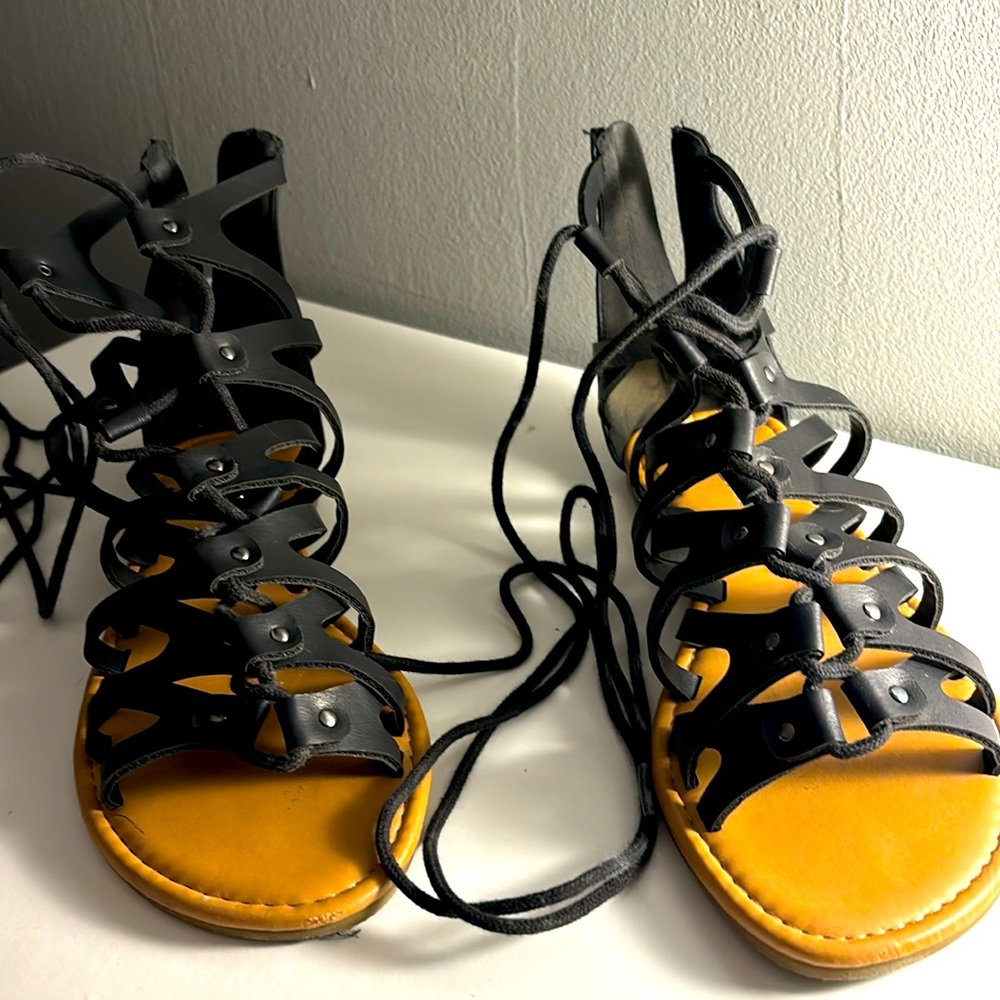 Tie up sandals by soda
********************
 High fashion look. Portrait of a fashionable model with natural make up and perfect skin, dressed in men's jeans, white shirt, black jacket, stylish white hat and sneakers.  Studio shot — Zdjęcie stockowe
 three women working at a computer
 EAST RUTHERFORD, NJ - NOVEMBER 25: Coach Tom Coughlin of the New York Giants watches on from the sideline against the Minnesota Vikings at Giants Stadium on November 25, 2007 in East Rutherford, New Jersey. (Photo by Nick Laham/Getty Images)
********************
Beginning at the line above with "three women working at a computer" and finishing at the line with "EAST RUTHERFORD, NJ", return each line exactly and return nothing else.

 three women working at a computer
 EAST RUTHERFORD, NJ - NOVEMBER 25: Coach Tom Coughlin of the New York Giants watches on from the sideline against the Minnesota Vikings at Giants Stadium on November 25, 2007 in East Rutherford, New Jersey. (Photo by Nick Laham/Getty Images)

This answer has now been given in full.